The Northern Lights infrastructure also supports Norway’s Longship CCS initiative, which aims to demonstrate the viability of a full-scale carbon capture, transport, and storage system. Under this framework, CO2 will be transported from domestic emitters, including Hafslund Celsio in Oslo and Heidelberg Materials in Brevik.

On 18 June, the day after the PDO approval, Heidelberg Materials opened its carbon capture facility at Brevik, the first industrial-scale CCS plant in the global cement industry. The facility will capture 400,000 tonnes of CO2 annually, approximately half of the plant’s emissions, using amine-based technology. This CO2 will be liquefied on site and shipped by purpose-built vessels to Øygarden, from where it will be permanently stored by Northern Lights.

Dr Dominik von Achten, Chairman of the Managing Board of Heidelberg Materials, said of the announcement: ‘Today marks a historic milestone and tectonic shift in the built environment. The opening of Brevik CCS is a tremendous technological achievement that will serve as a blueprint for entire industries as we progress towards Net Zero and into a new era of sustainable construction.’

The Brevik facility is central to Heidelberg’s launch of evoZero, a line of carbon-neutral cement products. According to the company, the success of the Brevik installation will inform future CCS projects at other cement plants globally.
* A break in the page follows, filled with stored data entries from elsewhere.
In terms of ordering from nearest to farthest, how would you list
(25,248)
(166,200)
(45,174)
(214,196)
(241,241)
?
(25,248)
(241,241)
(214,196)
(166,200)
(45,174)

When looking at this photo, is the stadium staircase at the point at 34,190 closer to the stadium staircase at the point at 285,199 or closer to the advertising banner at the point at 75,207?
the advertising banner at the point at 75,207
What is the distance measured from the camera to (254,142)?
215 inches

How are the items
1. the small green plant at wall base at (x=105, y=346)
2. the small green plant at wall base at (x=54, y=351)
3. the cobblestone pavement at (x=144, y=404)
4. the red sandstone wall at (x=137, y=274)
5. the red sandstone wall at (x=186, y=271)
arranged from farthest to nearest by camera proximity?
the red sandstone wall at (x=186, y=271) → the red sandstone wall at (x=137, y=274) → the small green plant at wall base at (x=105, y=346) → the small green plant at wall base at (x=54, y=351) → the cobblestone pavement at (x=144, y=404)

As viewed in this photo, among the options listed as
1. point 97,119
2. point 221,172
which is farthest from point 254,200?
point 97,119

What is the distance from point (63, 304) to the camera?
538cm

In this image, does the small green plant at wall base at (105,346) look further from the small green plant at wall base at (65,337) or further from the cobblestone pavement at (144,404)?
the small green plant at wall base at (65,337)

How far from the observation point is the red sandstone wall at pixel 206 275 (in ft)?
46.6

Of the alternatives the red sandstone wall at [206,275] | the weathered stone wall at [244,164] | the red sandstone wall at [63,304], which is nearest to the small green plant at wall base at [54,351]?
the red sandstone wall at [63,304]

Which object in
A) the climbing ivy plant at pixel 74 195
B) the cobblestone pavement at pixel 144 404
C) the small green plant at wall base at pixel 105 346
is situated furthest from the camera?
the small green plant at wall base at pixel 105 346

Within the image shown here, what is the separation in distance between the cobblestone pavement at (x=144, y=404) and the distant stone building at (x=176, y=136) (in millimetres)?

Northern Lights has also secured a new commercial contract with Stockholm Exergi to handle up to 900,000 tonnes of biogenic CO2 annually from its Swedish bioenergy plant. This brings the number of international commercial customers to three, alongside Ørsted in Denmark and Yara in the Netherlands.

Operations for Phase 1 are expected to begin in the third quarter of 2025, following the arrival earlier this year of the Northern Pioneer, the world’s first commercial vessel designed for transporting LCO2. The second phase of the project is scheduled to be operational by the second half of 2028.